## Extracted information
+--

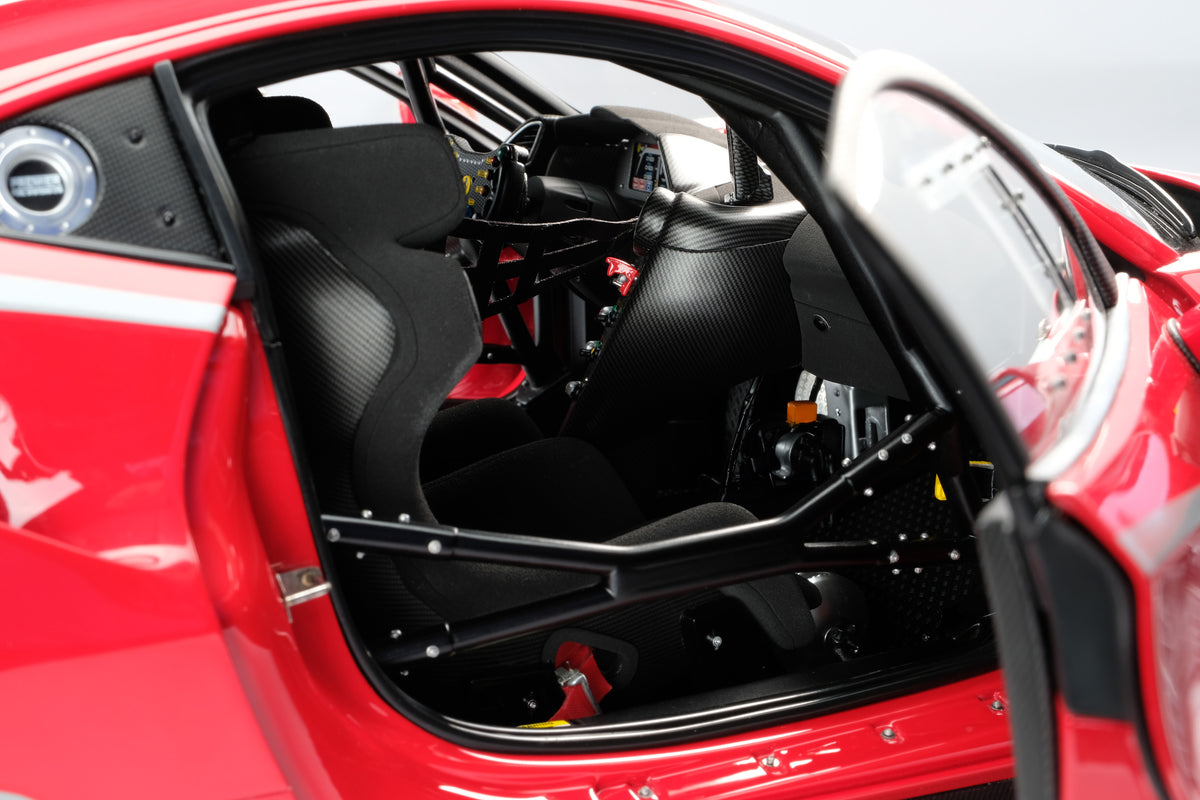 Ferrari 488 Challenge Evo - Spezifikationen zur Markteinführung 2019 - Maßstab 1:8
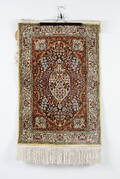 Orientalisk matta, Silke. 62x93 cm Denna vara har satts till omförsäljning under nytt varunummer4418355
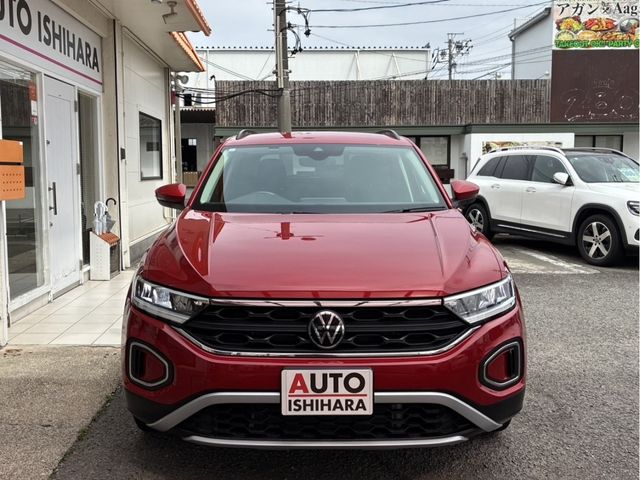 Japanese used car Ref# 1543594 VOLKSWAGEN / VOLKSWAGEN T-Roc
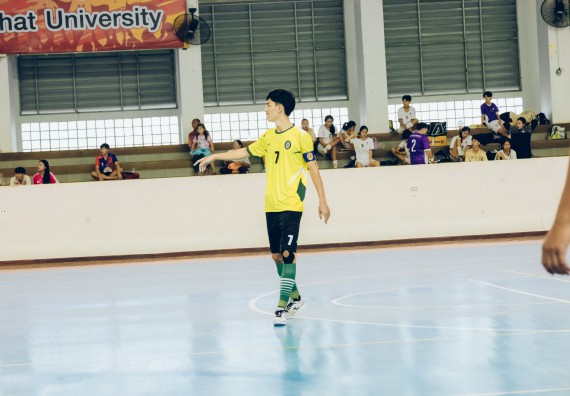 ภาพกิจกรรม  คณะวิทยาศาสตร์และเทคโนโลยี มหาวิทยาลัยราชภัฏกำแพงเพชร เจ้าภาพการแข่งขันกีฬามหาวิทยาลัยแห่งประเทศไทย ครั้งที่ 50 รอบคัดเลือก เขตภาคเหนือ ประเภทกีฬาฟุตซอล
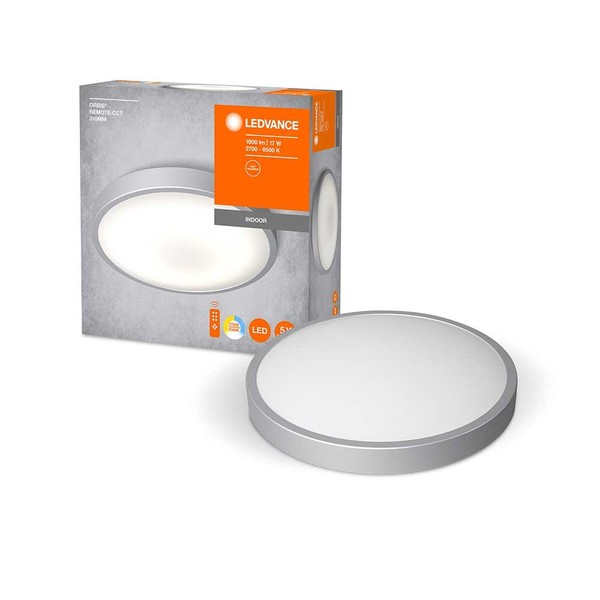 Led Deckenleuchte Lampe Orbis Ø31Cm 17W 1800Lm 2700K-6500K Dimmbar Fernbedienung-image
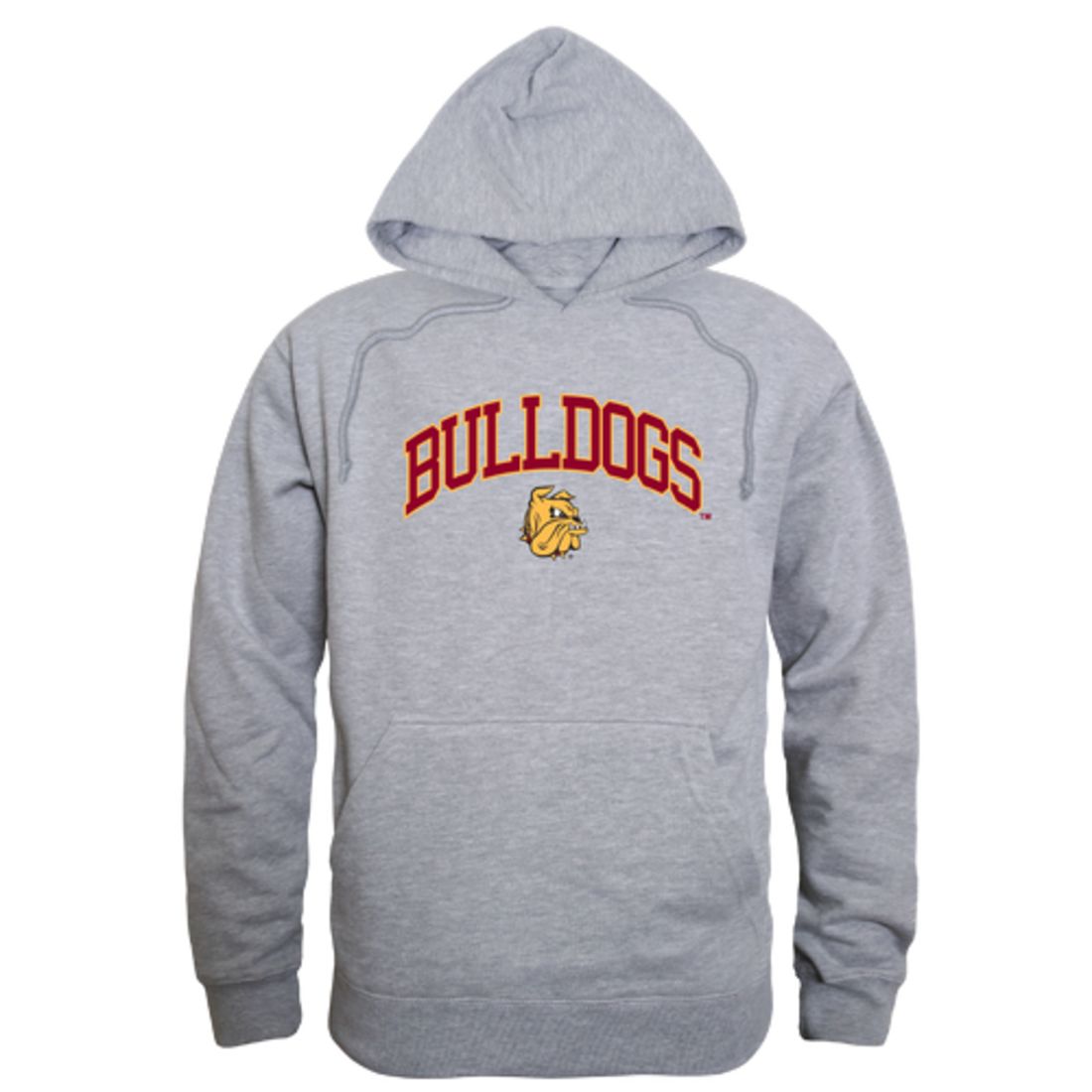 Minnesota Duluth Bulldogs Campus Fleece Hoodie Sweatshirts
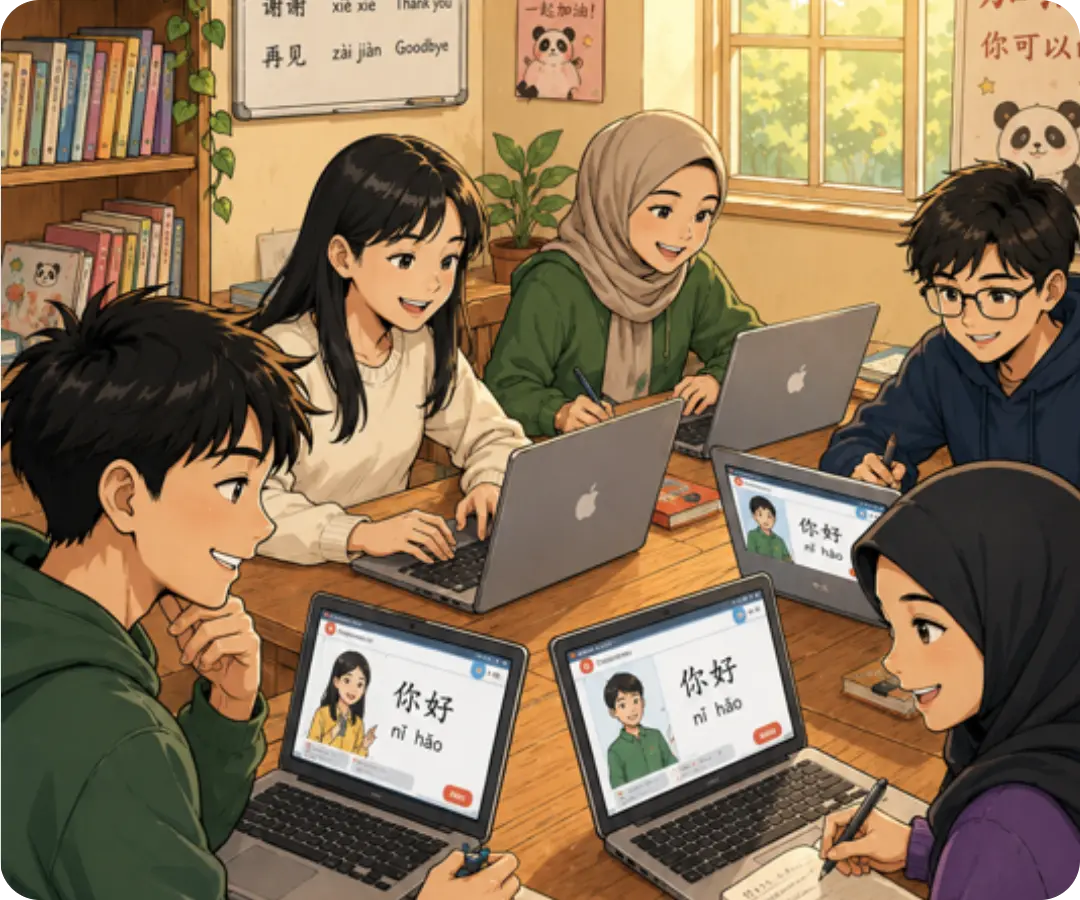 Mandarin Explorers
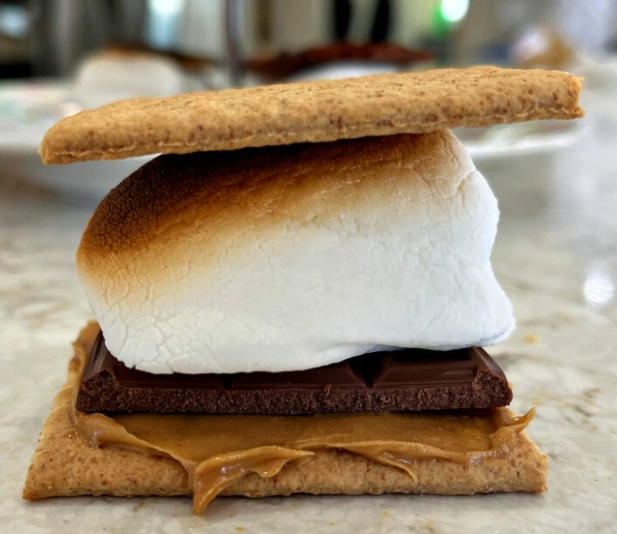 peanut butter s'mores recipe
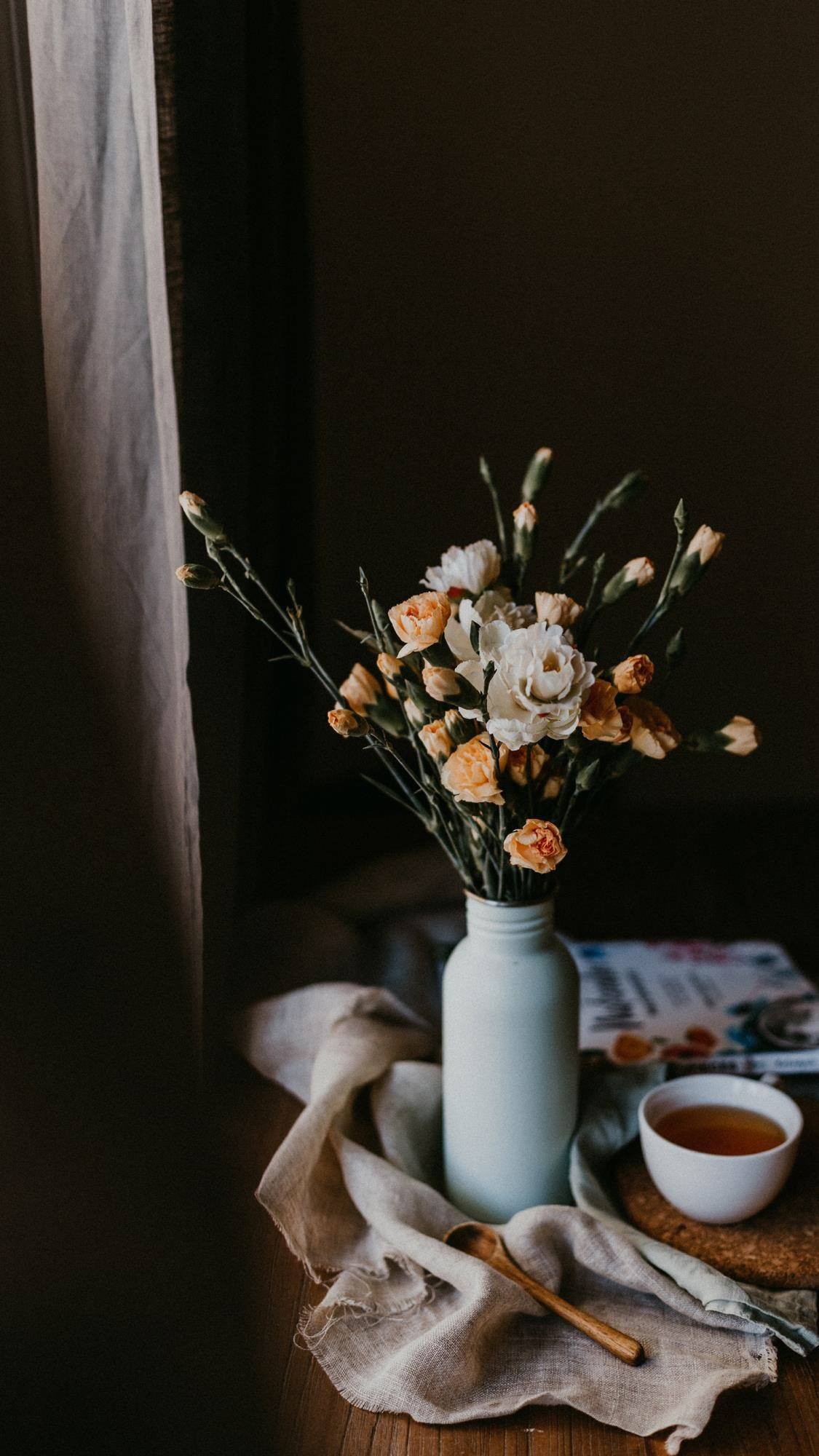 新中式壁纸手机植物壁纸预览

+--

## Work request
For this copy, leave pictures out and reproduce the lines from the one bearing "Minnesota Duluth Bulldogs" through the final line of the listing above, both ends included.

## Task output
 Minnesota Duluth Bulldogs Campus Fleece Hoodie Sweatshirts
 Mandarin Explorers
 peanut butter s'mores recipe
 新中式壁纸手机植物壁纸预览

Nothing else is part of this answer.